El ambiente de supervivencia en el Bosque Negro era duro.
Cada raza tenía que cazar para sobrevivir y reunir suficientes recursos para el próximo invierno.
Si la presa dentro de su territorio no era suficiente, cruzarían a otros territorios para cazar, incluso si eso significaba tomar grandes riesgos.
Pero si no luchaban por los recursos ahora, ¿esperarían hasta que llegara el invierno y dejarían que toda su raza muriera de hambre?
Los gigantes Piedra Negra, gracias a sus piedras de fuego, no carecían de recursos.

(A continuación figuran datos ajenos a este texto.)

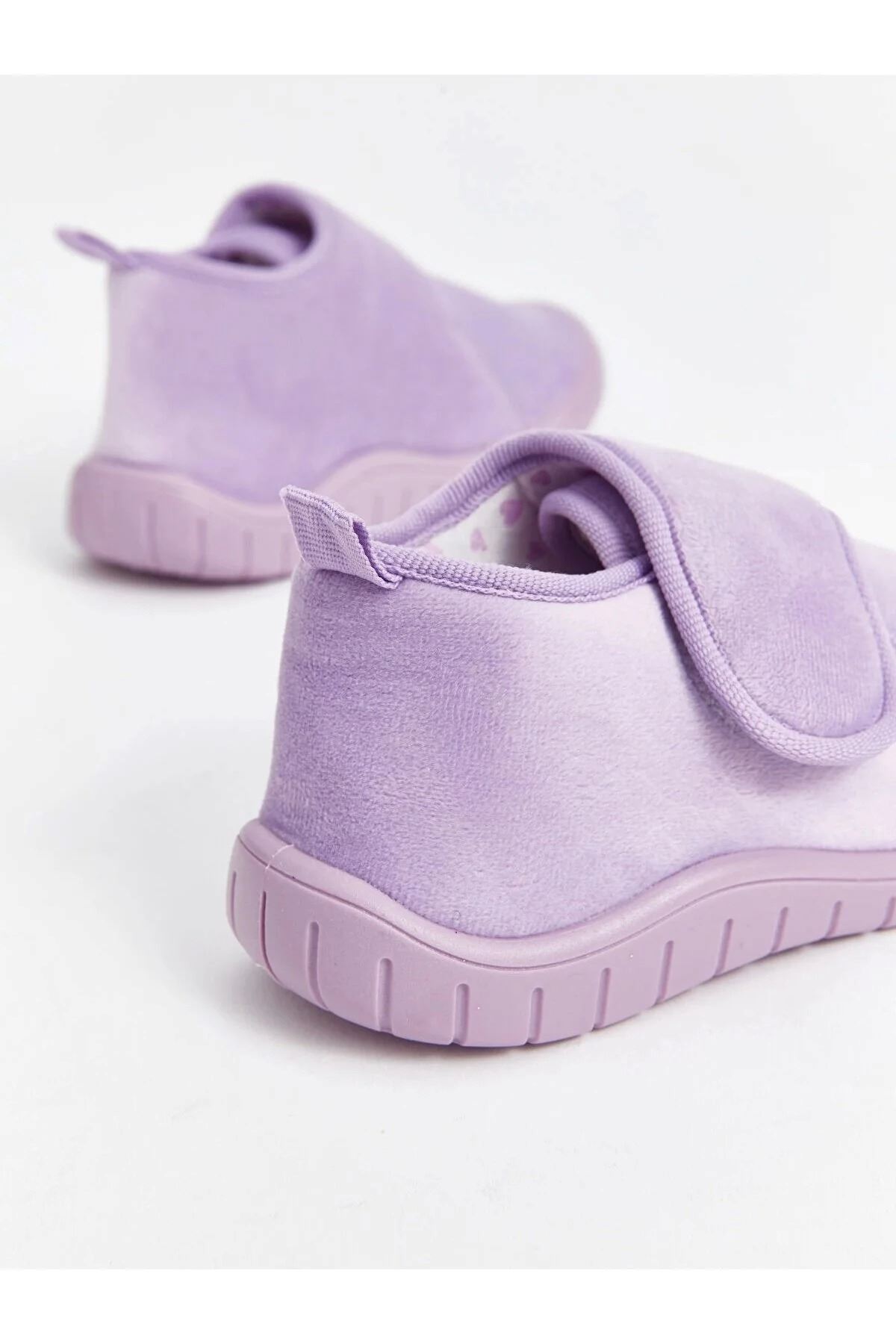 Kız Çocuk Mor Cırt Cırtlı Günlük Ayakkabı – Yumuşak Tabanlı, Rahat ve Hafif Panduf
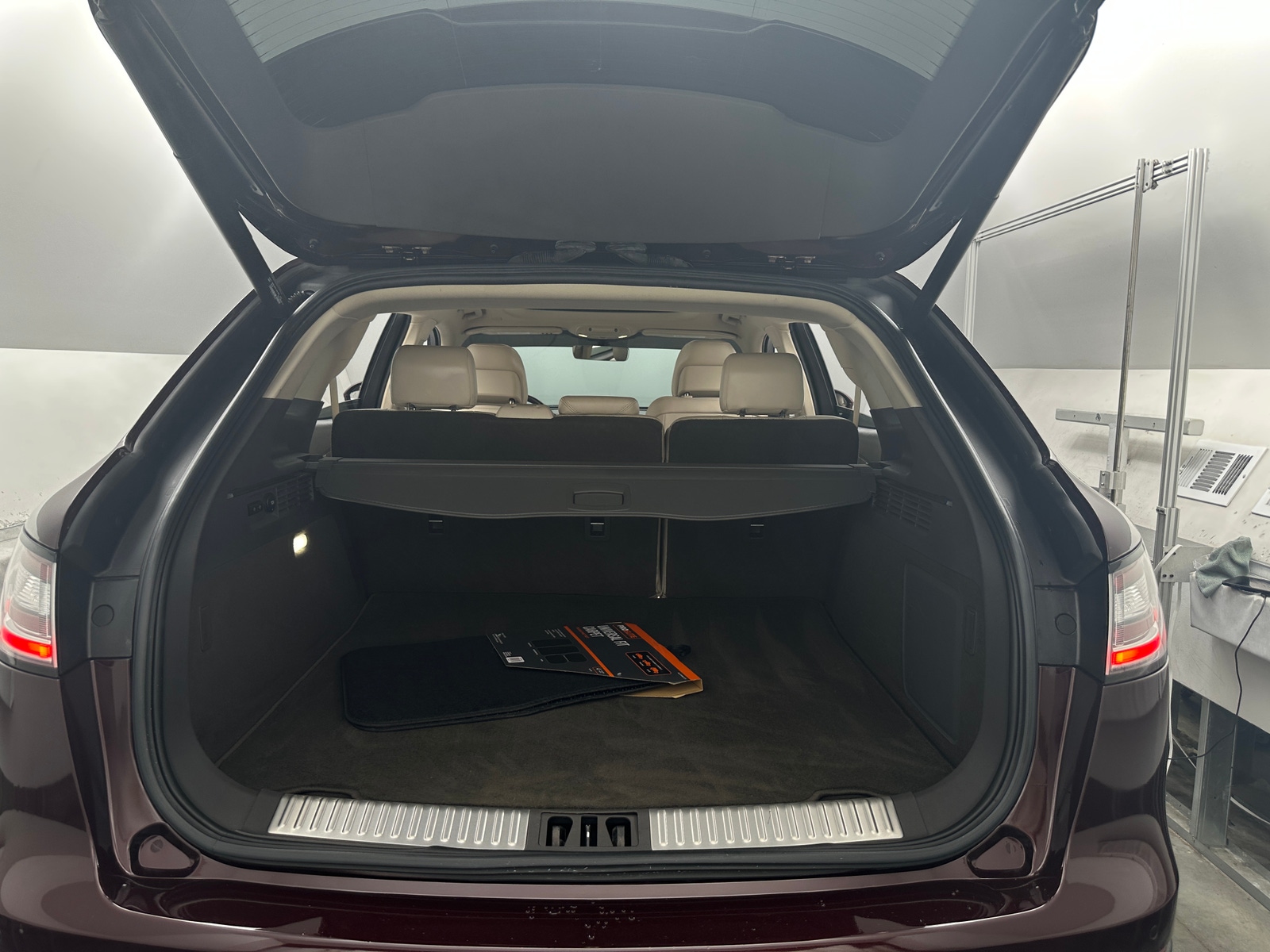 Thumbnail: 2019 Lincoln Nautilus - 6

Sin embargo, sus parientes, los gigantes Hueso de Hierro, no tenían tanta suerte.
Ocasionalmente, se escabullían a través de la frontera hacia el territorio Piedra Negra para cazar.
Pero si eran atrapados, el resultado siempre era el mismo: la muerte.
Igual que la última vez cuando Orión masacró sin piedad a ese grupo de gigantes Hueso de Hierro—sin misericordia, sin dudarlo.
Así que no era sorprendente que el Pueblo Búfalo, confiando en su habilidad para transformarse en Toros Berserker y resistir los encantos de las súcubos, hubiera invadido el territorio de las súcubos en este momento crítico.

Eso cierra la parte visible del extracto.